From: Ronnie Sahlberg <sahlberg@google.com>

This adds the atomic protocol option to allow
receive-pack to inform the client that it has
atomic push capability.

This commit makes the functionality introduced
in the previous commits go live for the serving
side.
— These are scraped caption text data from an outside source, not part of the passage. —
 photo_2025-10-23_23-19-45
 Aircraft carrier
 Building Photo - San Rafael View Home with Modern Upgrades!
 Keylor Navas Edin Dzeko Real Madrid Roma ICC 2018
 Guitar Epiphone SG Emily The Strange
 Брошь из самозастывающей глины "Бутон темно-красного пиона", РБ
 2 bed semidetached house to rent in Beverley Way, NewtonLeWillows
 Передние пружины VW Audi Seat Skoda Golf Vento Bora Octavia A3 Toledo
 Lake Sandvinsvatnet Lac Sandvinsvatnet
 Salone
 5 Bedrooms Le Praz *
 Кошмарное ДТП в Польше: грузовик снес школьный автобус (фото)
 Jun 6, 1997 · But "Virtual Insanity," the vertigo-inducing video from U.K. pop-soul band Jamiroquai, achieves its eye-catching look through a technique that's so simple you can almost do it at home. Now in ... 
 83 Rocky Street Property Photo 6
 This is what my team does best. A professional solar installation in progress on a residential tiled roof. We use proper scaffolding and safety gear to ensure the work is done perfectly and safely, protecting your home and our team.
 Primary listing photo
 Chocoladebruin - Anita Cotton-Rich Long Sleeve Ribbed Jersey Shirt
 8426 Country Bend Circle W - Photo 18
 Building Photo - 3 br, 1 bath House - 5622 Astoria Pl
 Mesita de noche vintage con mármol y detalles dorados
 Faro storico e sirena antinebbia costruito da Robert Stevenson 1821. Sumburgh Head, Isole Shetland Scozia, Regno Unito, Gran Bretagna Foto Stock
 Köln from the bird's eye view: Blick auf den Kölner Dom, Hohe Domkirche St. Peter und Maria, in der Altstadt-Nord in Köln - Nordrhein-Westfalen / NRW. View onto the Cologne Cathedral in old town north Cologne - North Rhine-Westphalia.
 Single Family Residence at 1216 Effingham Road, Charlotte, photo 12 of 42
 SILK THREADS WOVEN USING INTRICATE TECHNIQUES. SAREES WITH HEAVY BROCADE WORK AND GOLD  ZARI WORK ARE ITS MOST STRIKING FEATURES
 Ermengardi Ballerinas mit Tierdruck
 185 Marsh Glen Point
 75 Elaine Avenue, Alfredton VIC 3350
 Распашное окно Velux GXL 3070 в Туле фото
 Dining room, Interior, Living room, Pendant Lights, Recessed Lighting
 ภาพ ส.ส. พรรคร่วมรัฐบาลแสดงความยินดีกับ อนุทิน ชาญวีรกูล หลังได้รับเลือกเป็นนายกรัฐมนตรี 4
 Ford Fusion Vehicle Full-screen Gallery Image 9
The changes in documentation reflect the
protocol capabilities of the server.

Signed-off-by: Stefan Beller <sbeller@google.com>
---

Notes:
    v9:
     This was once part of "[PATCH 1/7] receive-pack.c:
     add protocol support to negotiate atomic-push"
     but now it only touches the receive-pack.c part
     and doesn't bother with the send-pack part any more.
     That is done in a later patch, when send-pack actually
     learns all the things it needs to know about the
     atomic push option.
    
     We can configure the remote if it wants to advertise
     atomicity!
    
    All previous notes were lost due to my glorious
    capability to operate git rebase.

 Documentation/technical/protocol-capabilities.txt | 13 +++++++++++--
 builtin/receive-pack.c                            | 11 +++++++++++
 2 files changed, 22 insertions(+), 2 deletions(-)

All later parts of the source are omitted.